Category	\(n \geq 30\)	\(n < 30\)
Normal Data	chi-squared	chi-squared
Non-Normal Data	further research required	bootstrap

Inference on Anything Else (Median, Skew, Discrimination Rate, etc.)

Category	\(n \geq 30\)	\(n < 30\)
Normal Data	bootstrap	bootstrap
Non-Normal Data	bootstrap	bootstrap

Some Notes

Bootstrapped p-values are about uncertainty over the specific sample of the population that you drew, while randomization inference p-values are about uncertainty over which units within your sample are assigned to the treatment.

Bootstrap resamples are the same size as the original because variance of the statistic depends on the size of the sample. If we want to approximate this variation, we need to use resamples of the same size.
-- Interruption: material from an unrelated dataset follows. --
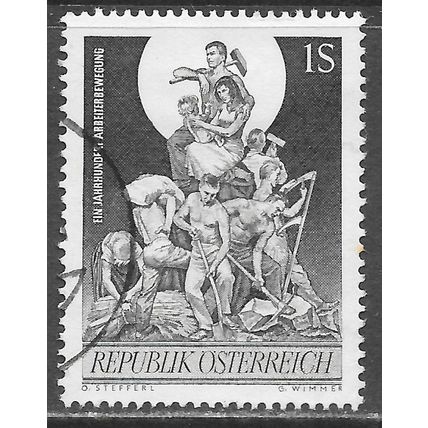 AUSTRIA 1965 WORKERS FARMERS WOMAN BABY HAMMER SCYTHE USED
Randomization Inference is all about using nothing but the act of physical randomization to make inferences about causal effects.

Examples

Hypothesis Testing

Bootstrapping

Hypothesis Testing with Randomization

R Programming

Hypothesis Testing

Bootstrapping

Lecture 5: replace, sample, apply, and quantile.

Code

library(tidyverse)

Code

# 1000 bootstrap samples
set.seed(303)
data <- runif(n=50, min = 0, max = 10)
bootstrap_data <- replicate(n = 1000, expr = sample(data, size = length(data), replace = TRUE))
boostrap_mean <- apply(X = bootstrap_data, MARGIN = 2, FUN = mean)

ggplot() +
  geom_density(aes(x=boostrap_mean))

Code

# what about the CI?
quantile(boostrap_mean, c(0.025, 0.975))

    2.5%    97.5% 
4.221890 5.638946

Hypothesis Testing with Randomization

Proportion Example

Code

prop_treatment <- 45/69
prop_control <- 30/34
prop_difference <- prop_control - prop_treatment
prop_difference

[1] 0.230179

Code

# create_data function
create_data <- function(control_total, control_death,
                        treatment_total, treatment_death) {
    total_deaths <- control_death + treatment_death
    total_subjects <- control_total + treatment_total
    non_survivors <- rep(1, total_deaths)
    survivors <- rep(0, total_subjects - total_deaths)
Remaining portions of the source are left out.